**EXTRACTED INFORMATION**
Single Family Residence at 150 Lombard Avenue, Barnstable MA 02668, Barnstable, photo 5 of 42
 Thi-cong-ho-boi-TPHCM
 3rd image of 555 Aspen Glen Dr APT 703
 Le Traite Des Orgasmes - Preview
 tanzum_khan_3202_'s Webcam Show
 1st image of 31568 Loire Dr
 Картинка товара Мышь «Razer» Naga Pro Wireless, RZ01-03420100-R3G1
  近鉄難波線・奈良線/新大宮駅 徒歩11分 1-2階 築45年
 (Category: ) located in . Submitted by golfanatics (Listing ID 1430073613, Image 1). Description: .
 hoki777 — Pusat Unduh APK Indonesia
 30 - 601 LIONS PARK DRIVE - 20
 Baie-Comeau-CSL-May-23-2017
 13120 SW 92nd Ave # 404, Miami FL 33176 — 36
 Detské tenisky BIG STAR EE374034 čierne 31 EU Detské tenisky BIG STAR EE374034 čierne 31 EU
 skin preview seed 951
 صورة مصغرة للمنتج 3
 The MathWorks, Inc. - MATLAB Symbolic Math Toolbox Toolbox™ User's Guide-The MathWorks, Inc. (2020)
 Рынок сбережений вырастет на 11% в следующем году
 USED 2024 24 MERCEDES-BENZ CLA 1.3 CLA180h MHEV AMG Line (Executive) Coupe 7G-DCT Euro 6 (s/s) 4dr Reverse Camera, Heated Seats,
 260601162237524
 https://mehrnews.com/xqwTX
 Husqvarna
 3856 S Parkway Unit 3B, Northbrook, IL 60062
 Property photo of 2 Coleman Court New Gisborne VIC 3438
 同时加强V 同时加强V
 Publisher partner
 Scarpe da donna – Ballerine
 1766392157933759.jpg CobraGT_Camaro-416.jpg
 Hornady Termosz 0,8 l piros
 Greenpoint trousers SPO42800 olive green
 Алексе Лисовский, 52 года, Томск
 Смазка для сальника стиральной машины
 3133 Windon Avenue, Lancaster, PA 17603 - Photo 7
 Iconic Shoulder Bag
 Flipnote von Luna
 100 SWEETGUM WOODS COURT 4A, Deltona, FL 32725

**PROBLEM STATEMENT**
Which lines in the material contain the word "Avenue"? Pull each of them out.

**TASK RESPONSE**
Single Family Residence at 150 Lombard Avenue, Barnstable MA 02668, Barnstable, photo 5 of 42
 3133 Windon Avenue, Lancaster, PA 17603 - Photo 7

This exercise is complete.